I have been slightly obsessed with the cicadas over the past several weeks. I have been dreading their emergence and trying to enjoying riding in the rain because I figured rain was better than cicadas. Now it turns out that I was slightly mislead on the location of the current Brood II. While I am happy to report that I will likely remain cicada-free in Arlington (at home) and Reston (at work), I’m a little annoyed at the cicada hype. I read things like “covering the ground from South Carolina to Connecticut” but this map clearly shows the location of Brood II in the mid-Atlantic and it is not nearly as widespread as I was led to believe.
There is also the logic that if you didn’t have cicadas in your neighborhood 17 years ago, you won’t have them now. Cicadas aren’t really into traveling from what I understand. But I have not lived here for 17 years. None of my friends have lived for 17 years, and I don’t think any of my co-workers have lived here for 17 years. But it sure would have been helpful if I asked a few people about it because I am sure I must know someone who has been in the area for 17 years. And I assure you, that in 17 years, I will make a point to remember where exactly these cicadas were and I will tell everyone all about it.

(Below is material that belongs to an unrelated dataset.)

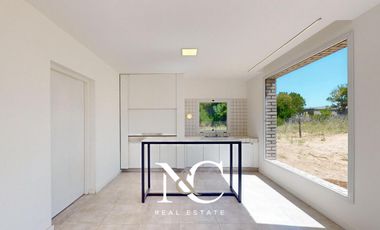 Casa en venta en Costa Esmeralda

But before that, I have Brood X to deal with in 2021. According to Kevin Ambrose, Capital Weather Gang Cicada Expert who is way too comfortable around giant bugs, “If you have not yet seen cicadas where you live, there is a good chance that Brood II has missed your area. Don’t worry, Brood X will probably get you in 2021.” While I did not live here 9 years ago when Brood X last paid a visit, I have heard more than enough stories to be pretty sure that, yes, they will in fact “get me” in 2021.